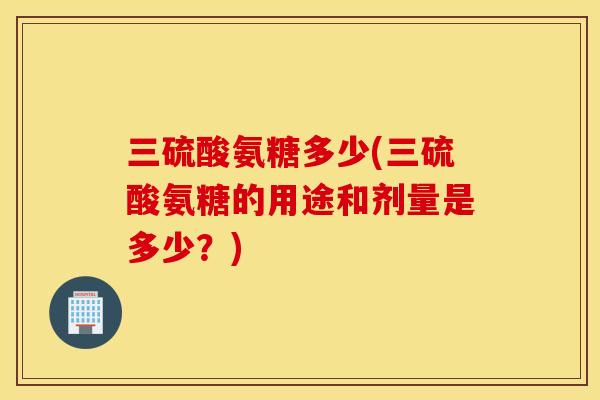 三硫酸氨糖多少(三硫酸氨糖的用途和剂量是多少？)
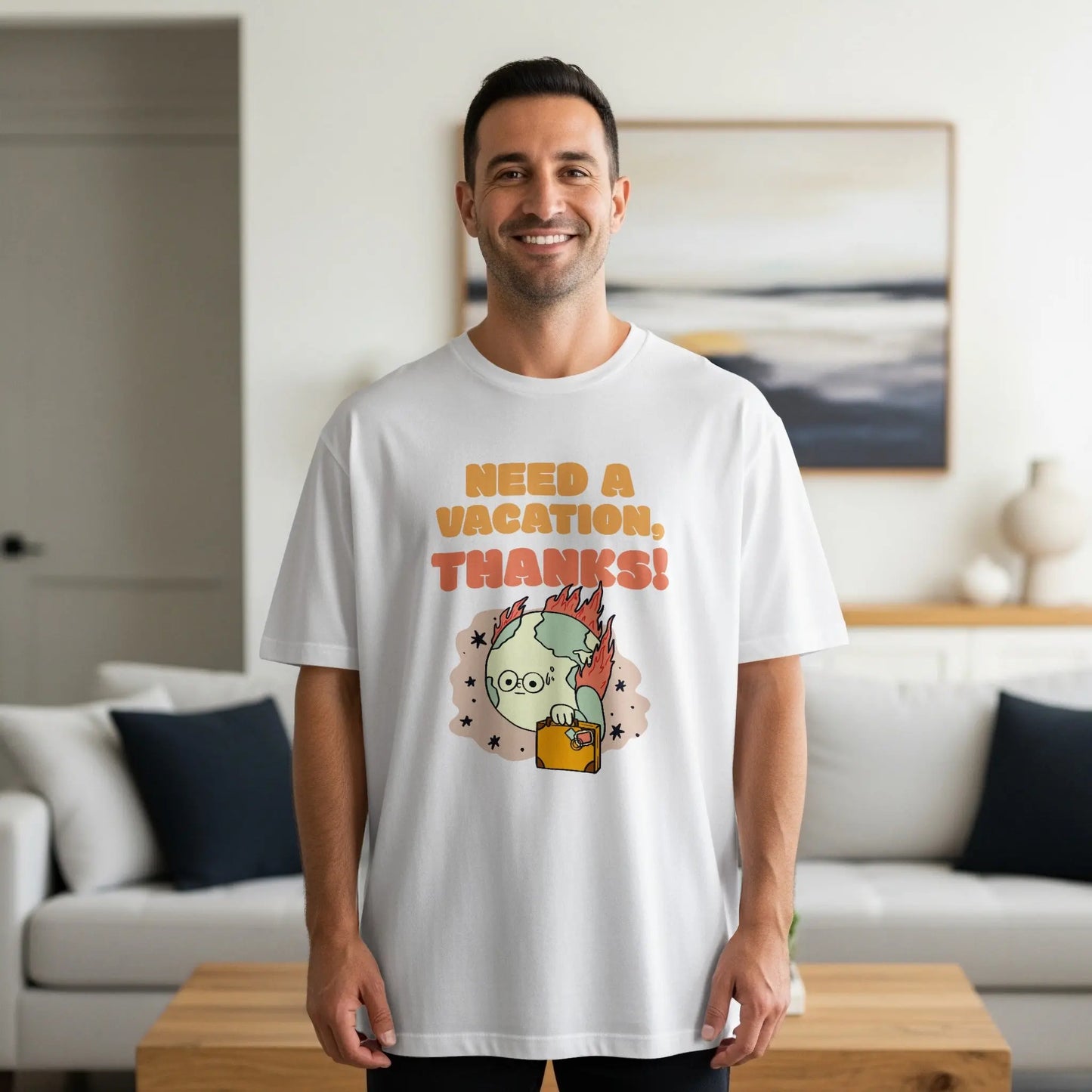 "Need A Vacation Thanks Earth on Fire" Graphic T-Shirts Boofy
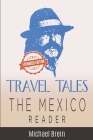 Travel Tales: The Mexico Reader By Michael Brein Cover Image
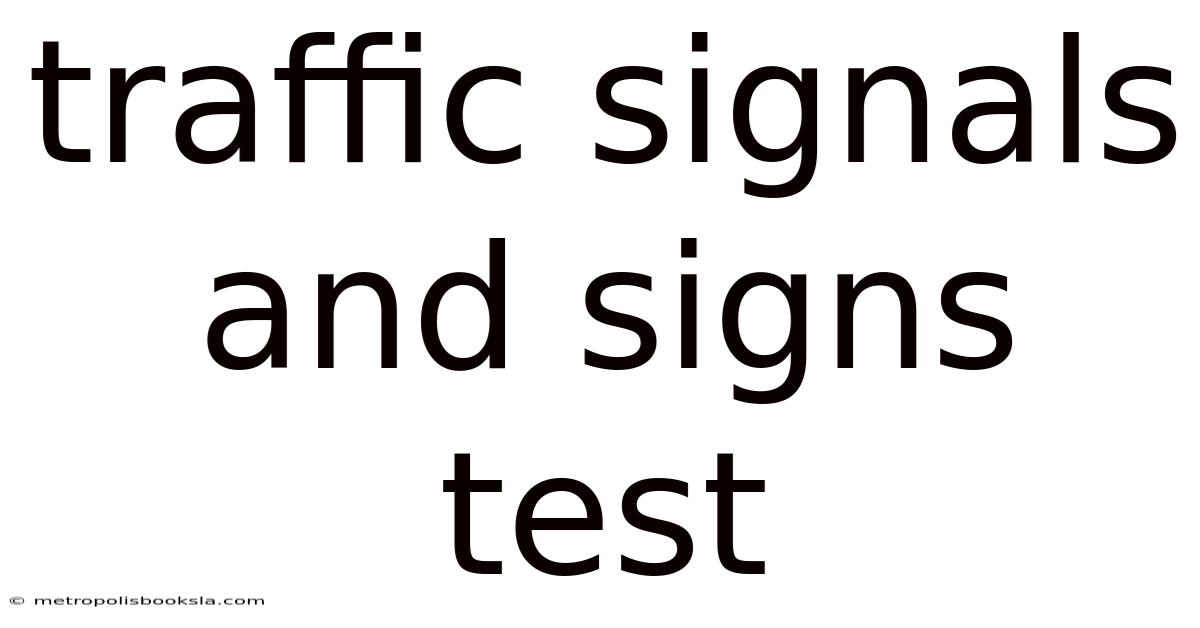 Traffic Signals And Signs Test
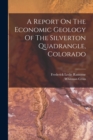 A Report On The Economic Geology Of The Silverton Quadrangle, Colorado - Book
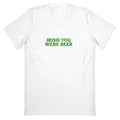Irish You Were Beer V-Neck - Adult & Kids T-Shirts, Sweatshirts & Hoodies apparel design preview 1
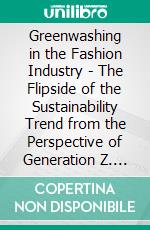 Greenwashing in the Fashion Industry - The Flipside of the Sustainability Trend from the Perspective of Generation Z. E-book. Formato EPUB ebook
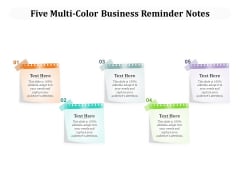 Five Multi Color Business Reminder Notes Ppt PowerPoint Presentation Icon Structure PDF Five Multi Color Business Reminder Notes Ppt PowerPoint Presentation Icon Structure PDF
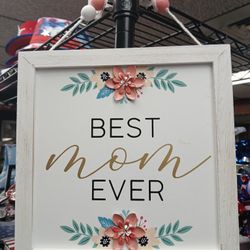 Best Mom Ever Sign 
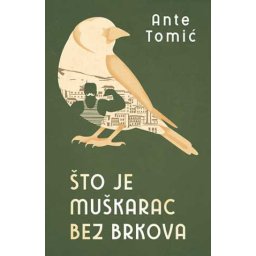 Što je muškarac bez brkova - Ante Tomić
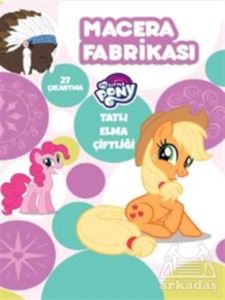 Macera Fabrikası - My Little Pony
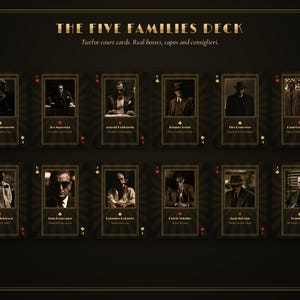 May include: A set of twelve playing cards titled The Five Families Deck, featuring portraits of historical figures in a dark, gold-accented aesthetic. Each card displays a name, a title, and a suit symbol, arranged in two rows against a dark background.
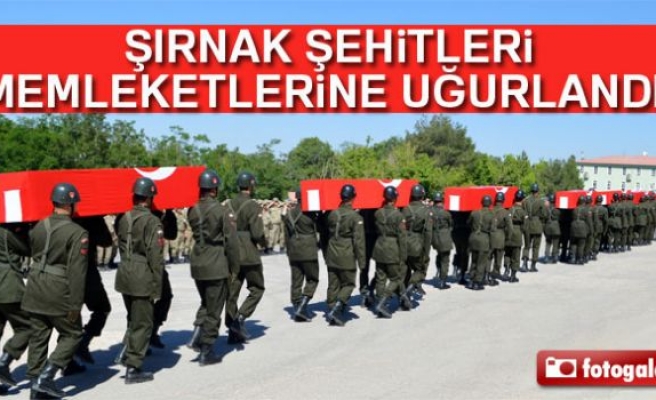 Şırnak şehitleri törenle memleketlerine uğurlandı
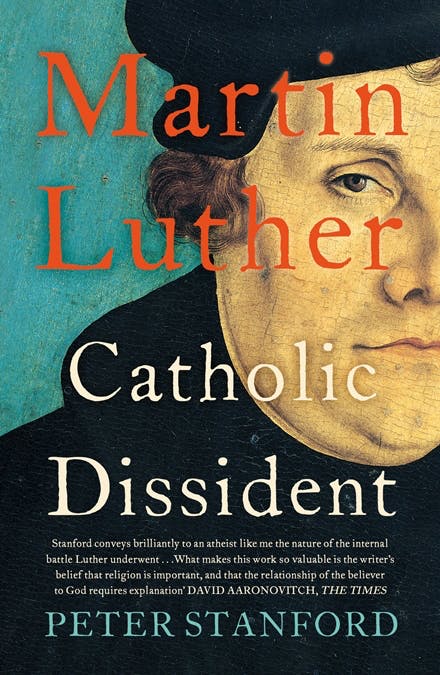 Martin Luther: Catholic Dissident / Peter Stanford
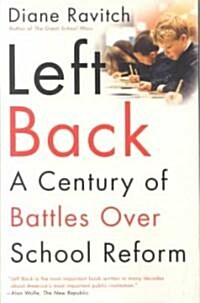 [중고] Left Back: A Century of Battles Over School Reform (Paperback)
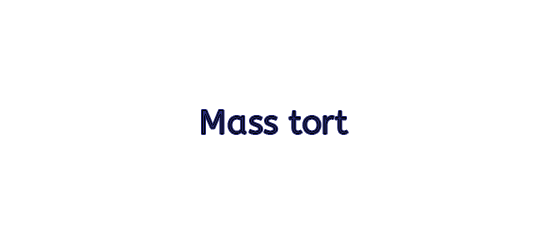Mass tort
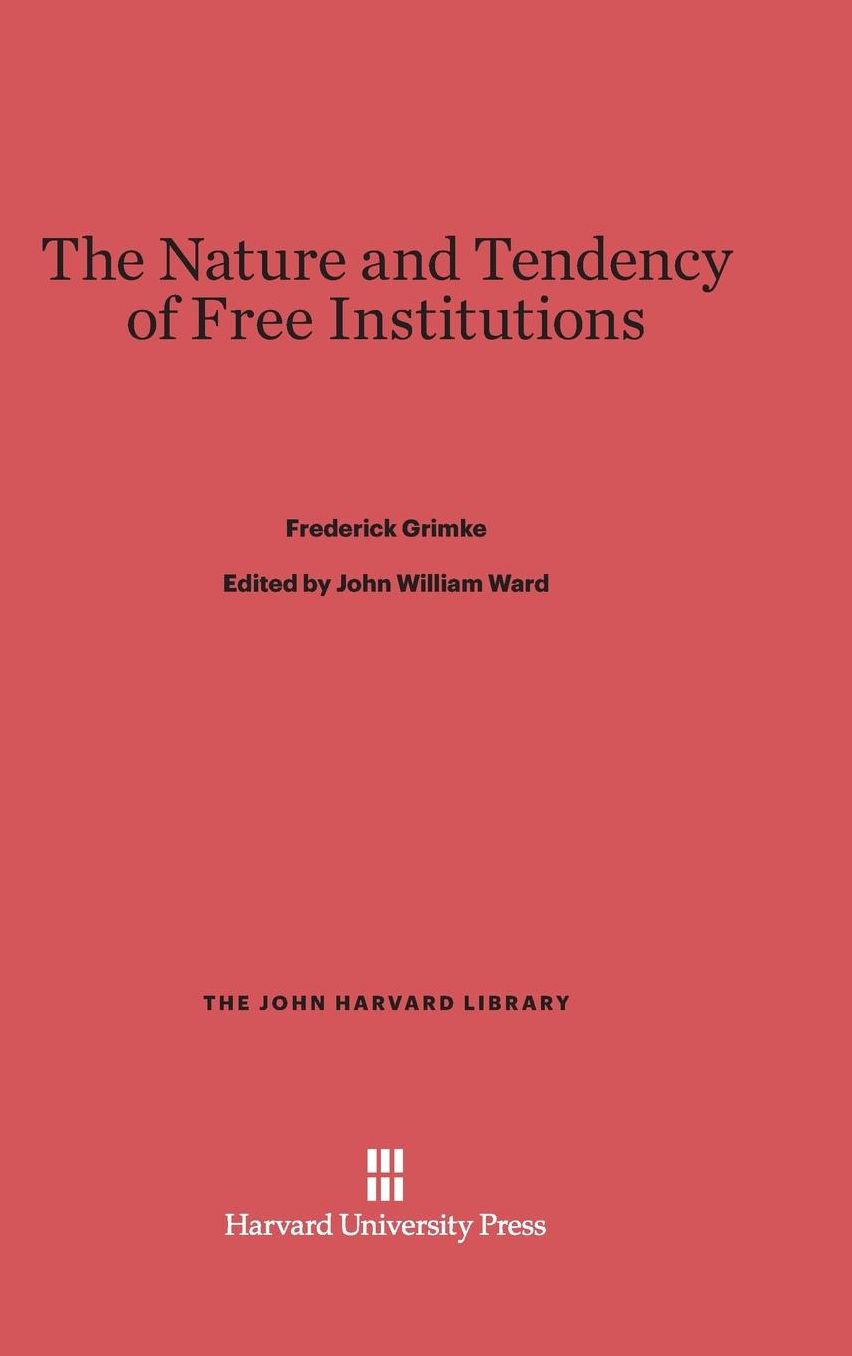 The Nature and Tendency of Free Institutions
============
-- Work task --
Leaving the pictures out, copy exactly the lines from the line that contains "[중고] Left Back: A" to the last line of the data, both ends included.

-- Solution to this exercise --
 [중고] Left Back: A Century of Battles Over School Reform (Paperback)
Mass tort
 The Nature and Tendency of Free Institutions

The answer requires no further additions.